Women’s Liberation Now and Then

By Sheila Jeffreys, author of Trigger Warning: My Lesbian Feminist Life (Spinifex: 2020). This article is adapted from Sheila’s talk at the Not Dead Yet: Feminism, Passion and Women’s Liberation session at #FiLiA2021.

A new wave of feminism is taking place and I never thought I would see one. I was involved in the women’s liberation movement (WLM) in London in the 1970s and 1980s before moving to Australia. Like all my sisters who continued to care about the WLM I experienced serious grief for a lost movement in the 1990s and particularly in the 2000s. It did seem that feminism would not rise again as all our women’s facilities disappeared, our discos, bookstores, publishers, women’s centres, bands. But then I was invited to speak at a radical feminist conference in London in 2012 and realised that a new wave of radical feminism was beginning to rise there. I moved back to the UK in search of it in 2015. It is wonderful to be involved in a burgeoning movement once more but this wave is very different in many ways from what we had before. As a woman whose youth was formed by the glories of the WLM a new movement had a lot to live up to. As I work in this new movement, I realise it has some glories of its own, it is intergenerational and international. I am finding community and friendship through my work with the campaign against the destruction of women’s rights by the transgender activist movement, particularly with the Women’s Human Rights Campaign. I meet up online with feminists and lesbian feminists from Spain and Germany, from South and North America. I am able to make a contribution once more and that delights me. I shall compare some of the elements of the WLM with the new movement that is growing.

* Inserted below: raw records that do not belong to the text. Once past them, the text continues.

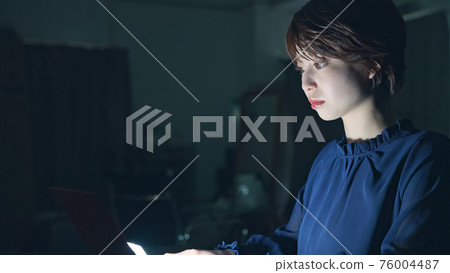 一位女士在黑暗的辦公室使用 PC 76004487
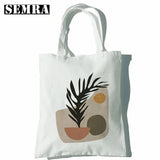 Boho Plants Women Canvas Shopper Bag Large Capacity Tote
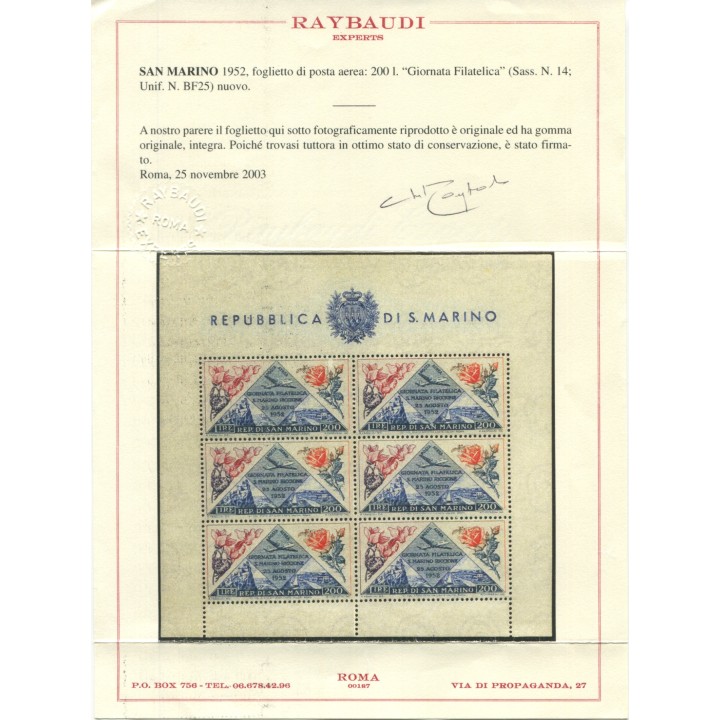 1952 San Marino BF foglietto Fiori 200 lire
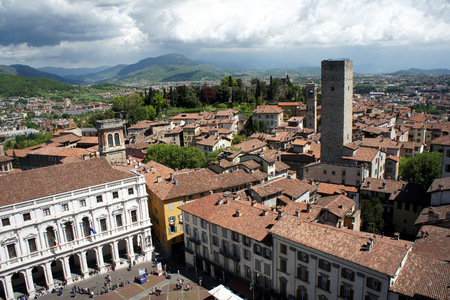 Citta-Alta. The Old City of Bergamo. View from the Tower of Campanone.のeditorial素材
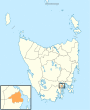 Map showing Hobart City LGA in Tasmania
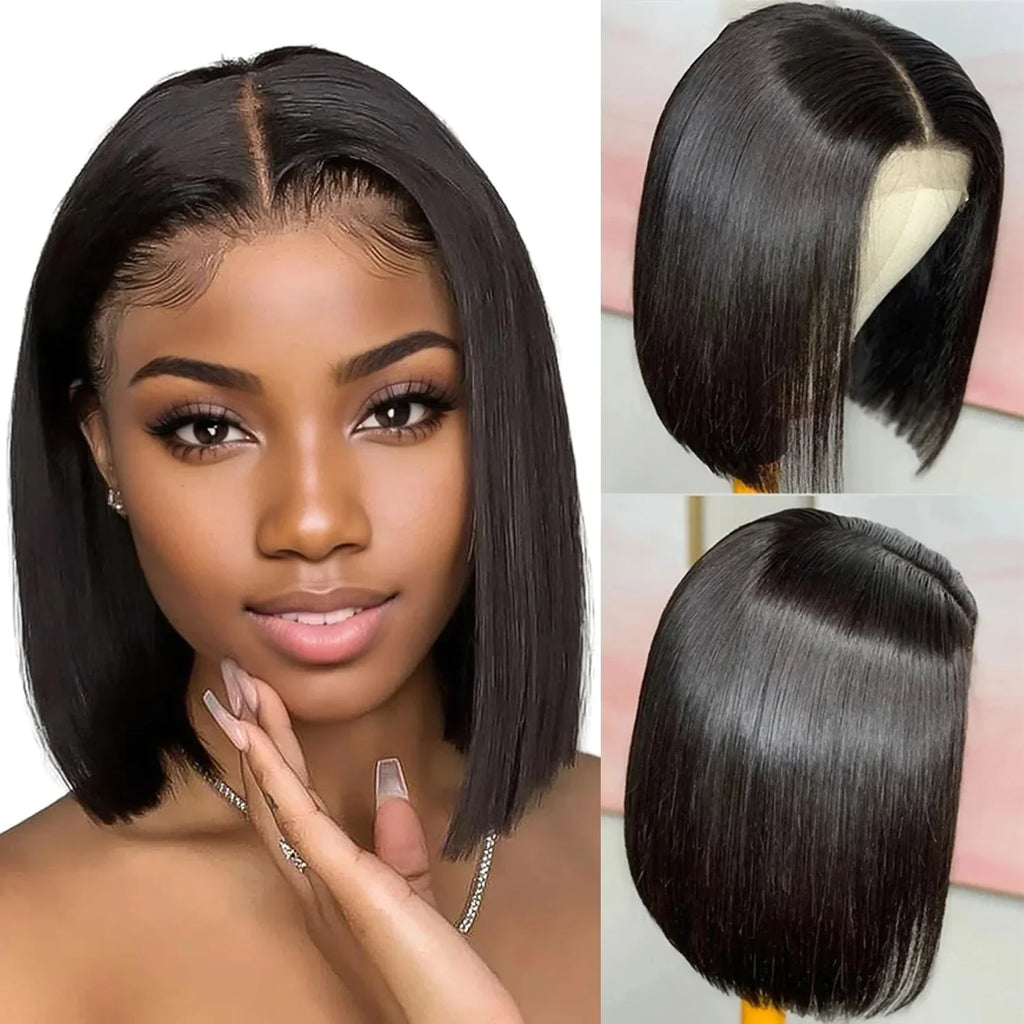 Natural Black Straight Short Bob Wig | 13x6x1 T-Part Lace Front Human Hair (180% Density, Wear & Go)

One big difference is that the new wave is intergenerational. Back in the 1970s we thought we were inventing the wheel. We were not of course, but we did not have contact with the feminists who had been active in the period up to the second world war, or even those still active after it. It is really different now because many women from the WLM are involved in the new wave and able to speak about what went before.

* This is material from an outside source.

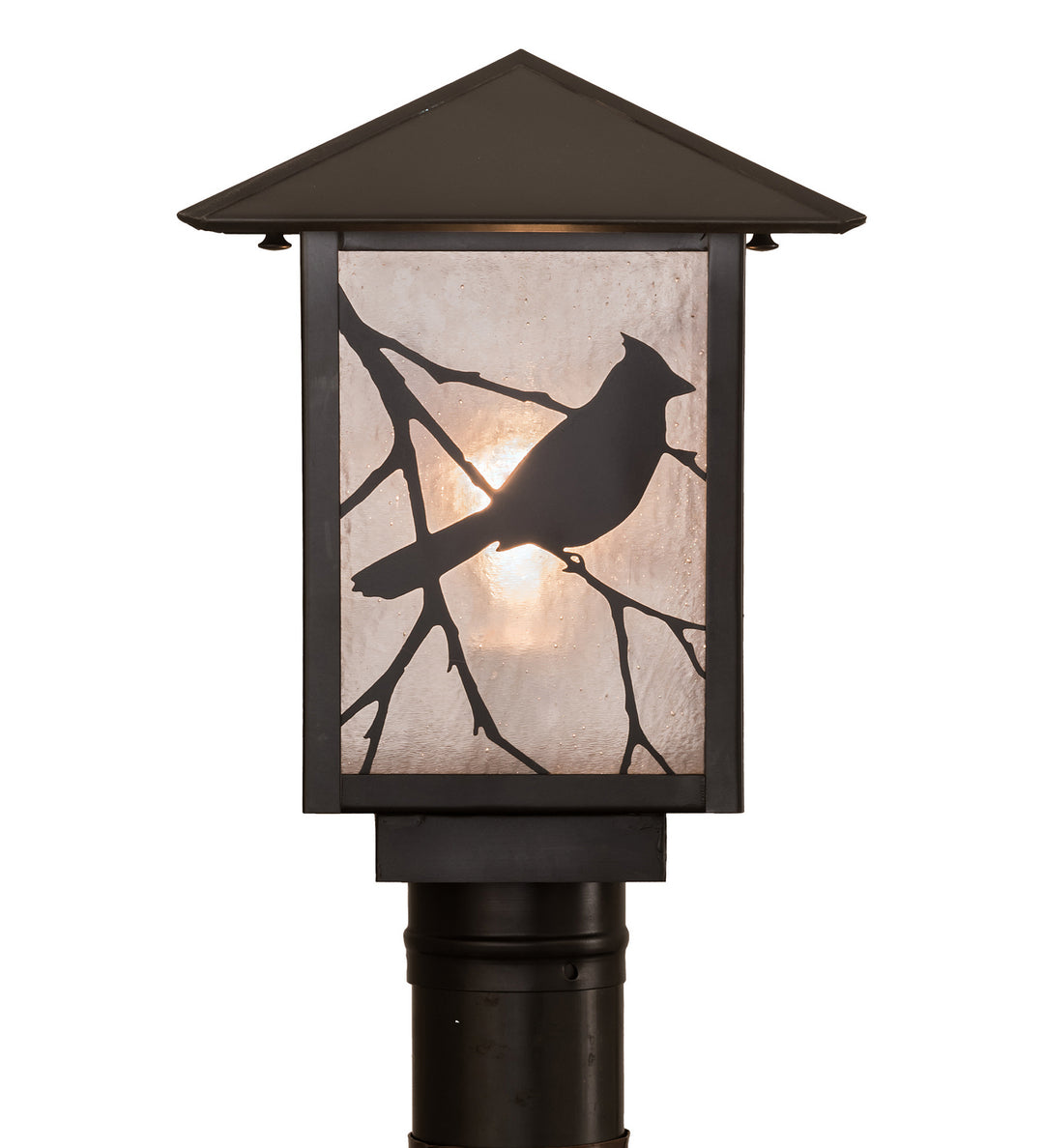 Meyda Tiffany Lighting 93728 Seneca One Light Post Mount Outdoor Bronze / Dark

Another difference is that the women who are coming to the new movement have an array of skills and talents that are greatly advanced compared with the 1970s. Back then women lawyers and doctors were rare. When we left university, it was to careers in teaching (mostly), the civil service and librarianship. The new generation of feminist activists have advanced skills and access to malestream culture and politics that we did not.

The men’s rights movement

Men ignored us back then. They had little interest in what we feminists were doing even though our movement was prominent and well covered in the media. Men did not try to get into our meetings or try to stop our marches. They really seemed completely uninterested, except for some who actively supported us by forming their own men against sexism meetings in which they talked about how to be less macho and aid women’s liberation. It could not be more different now. Men who claim to be women as well as a host of other manosphere groups which hate women stalk, police and abuse women online, try to destroy their jobs and businesses, report them to the police for hate speech or kill them e.g. the murder of the UK MP Jo Cox. Feminists now have to operate under the radar and in a cesspit of womanhatred in popular culture that requires very considerable courage and resolve. Women becoming feminists now are immediately confronted by the cruel weight of a male resistance movement in the form of transgender activism. It is radicalising, though, and has played a crucial part in creating this new wave.

Social media

It is social media that has enabled men to organise and develop their strategy and tactics to defeat women’s rights and opportunities. The social media platforms, of course, are owned and run by unredeemed patriarchs who flex their muscles by tossing off their platforms women who are insubordinate. Our communications, with little exception, are subject to men’s control. Back in the 1970s, our communications were entirely independent. Women’s groups created newsletters and magazines and ran them off on gestetner machines and sold them through subscriptions and in the women’s bookstores and women’s centres that no longer exist.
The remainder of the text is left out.